* EXERCISE AIM: Beneath this sentence is a listing. Return its lines from the one containing "Fachada de casa" through the last, exactly, and omit the pictures.

* MATERIAL TO PROCESS:
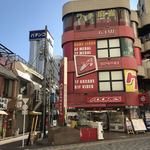 らーめん チキント - 駅から、この派手なビル  アドアーズを曲がる。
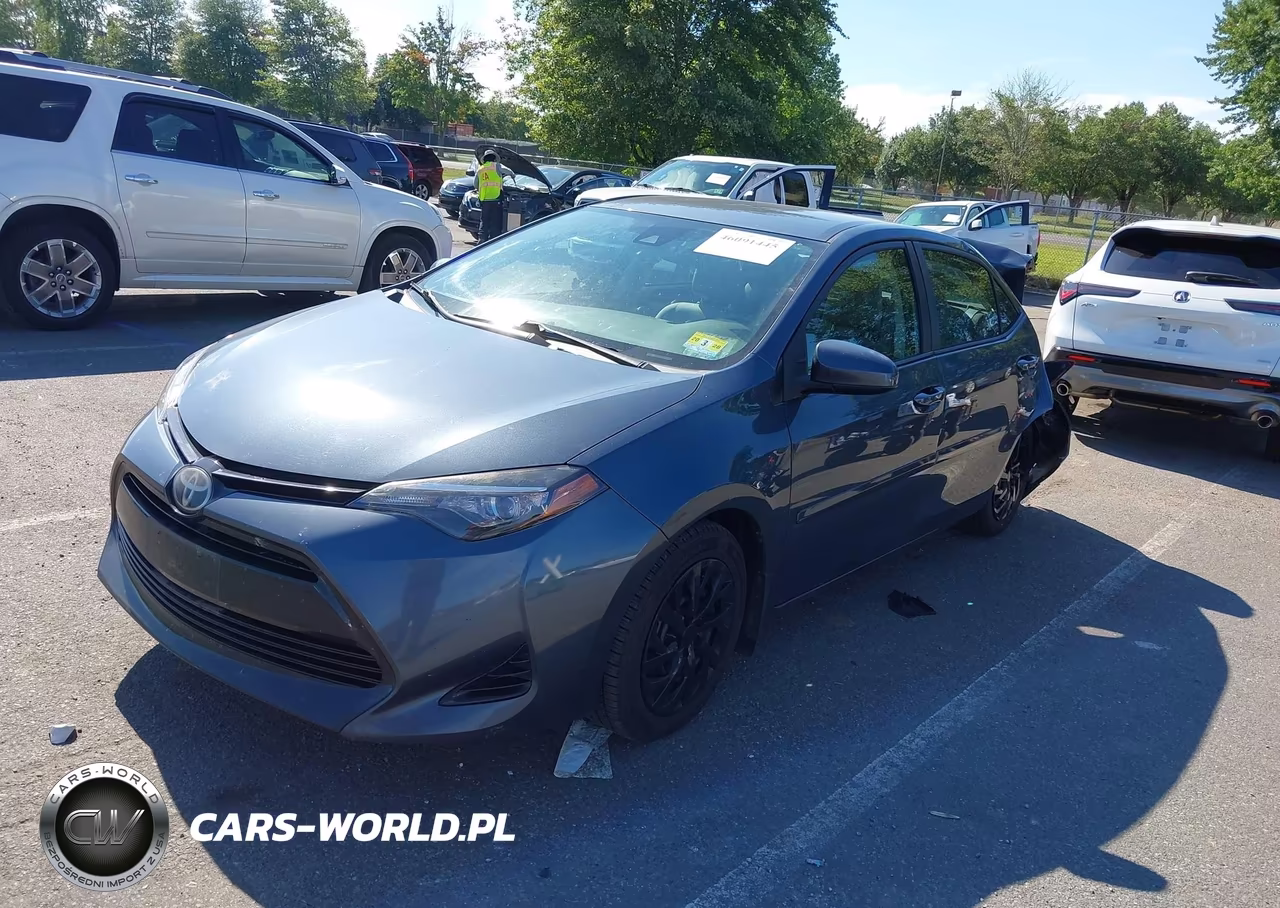 2017 Toyota Corolla Le VIN:2T1BURHE2HC807901 - 2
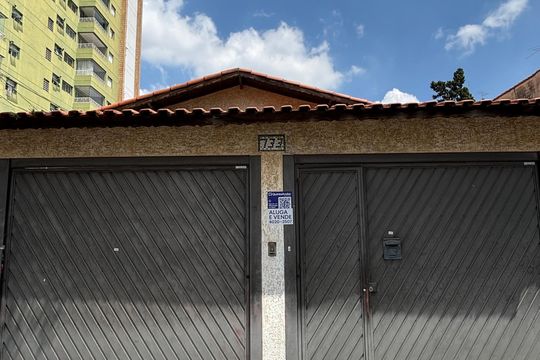 Fachada de casa à venda com 2 quartos, 238m² em Campestre, Santo André
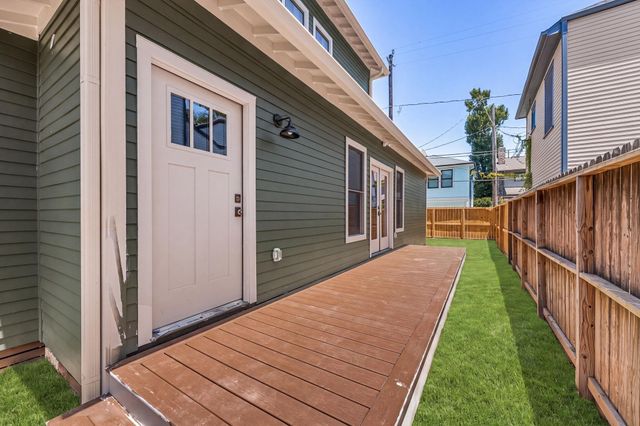 1528 Cortlandt Street, Houston, TX 77008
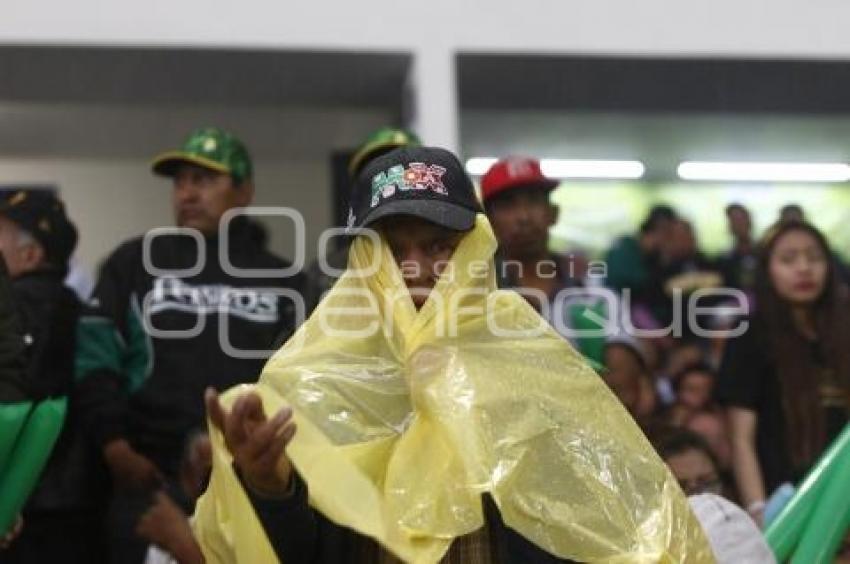 BÉISBOL . PERICOS VS LEONES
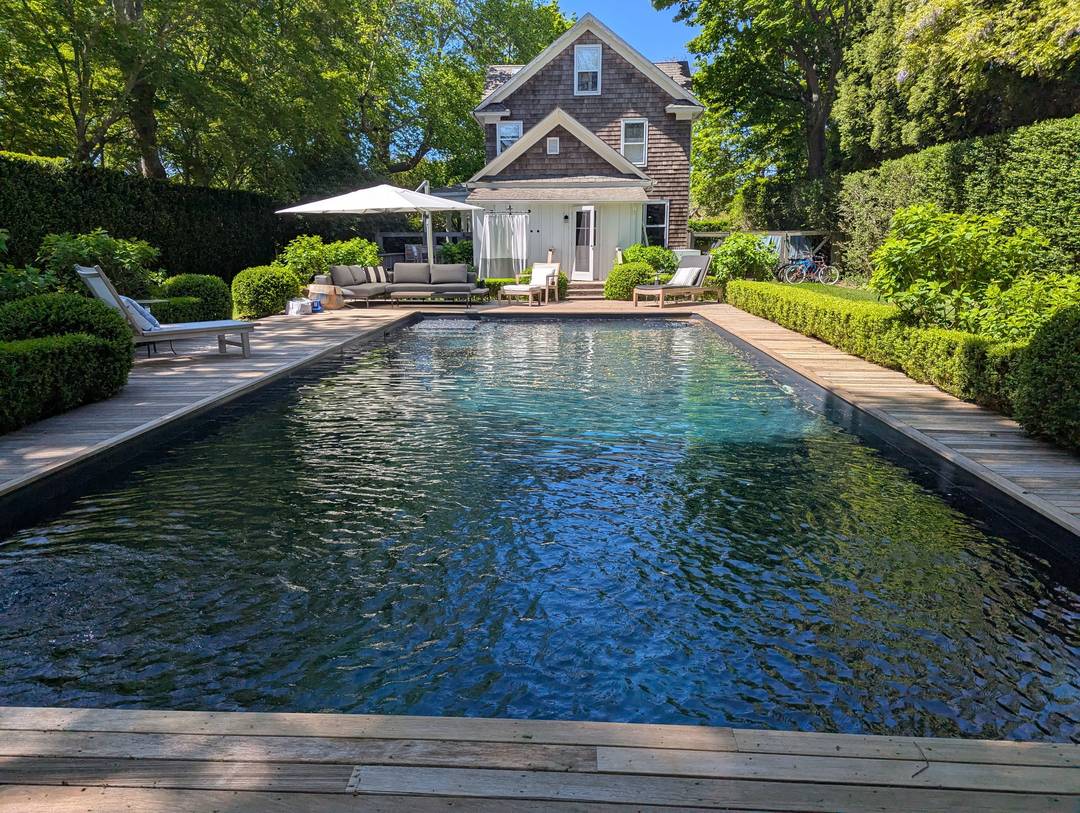Amagansett Lanes 6 Bedroom Compound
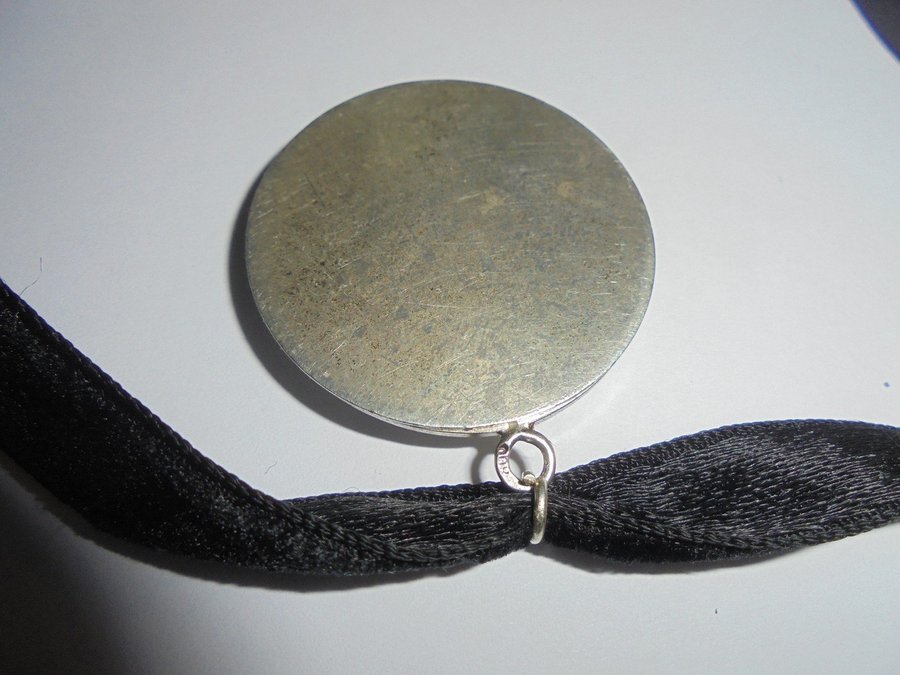 halsband i silver med porslin vintage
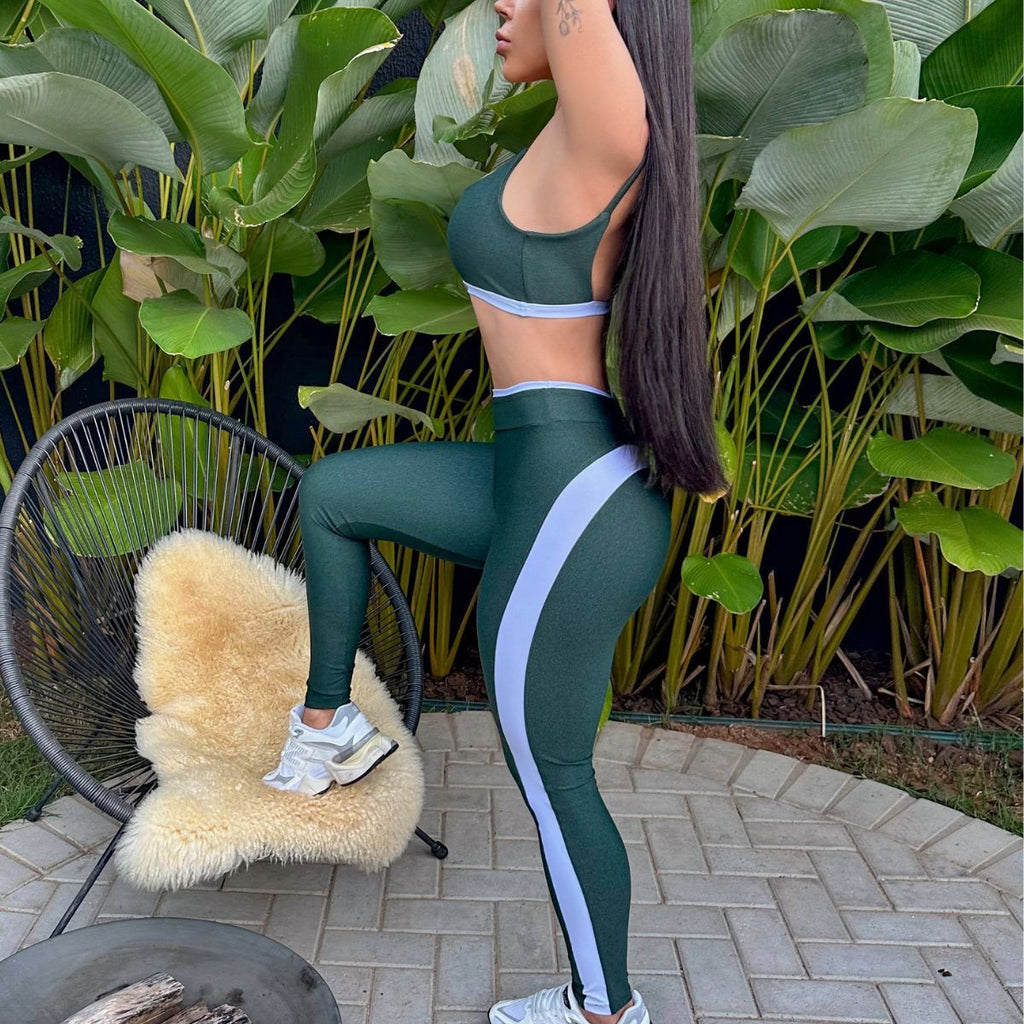 Conjunto fitness verde com top e legging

* ANSWER SPACE:
 Fachada de casa à venda com 2 quartos, 238m² em Campestre, Santo André
 1528 Cortlandt Street, Houston, TX 77008
 BÉISBOL . PERICOS VS LEONES
Amagansett Lanes 6 Bedroom Compound
 halsband i silver med porslin vintage
 Conjunto fitness verde com top e legging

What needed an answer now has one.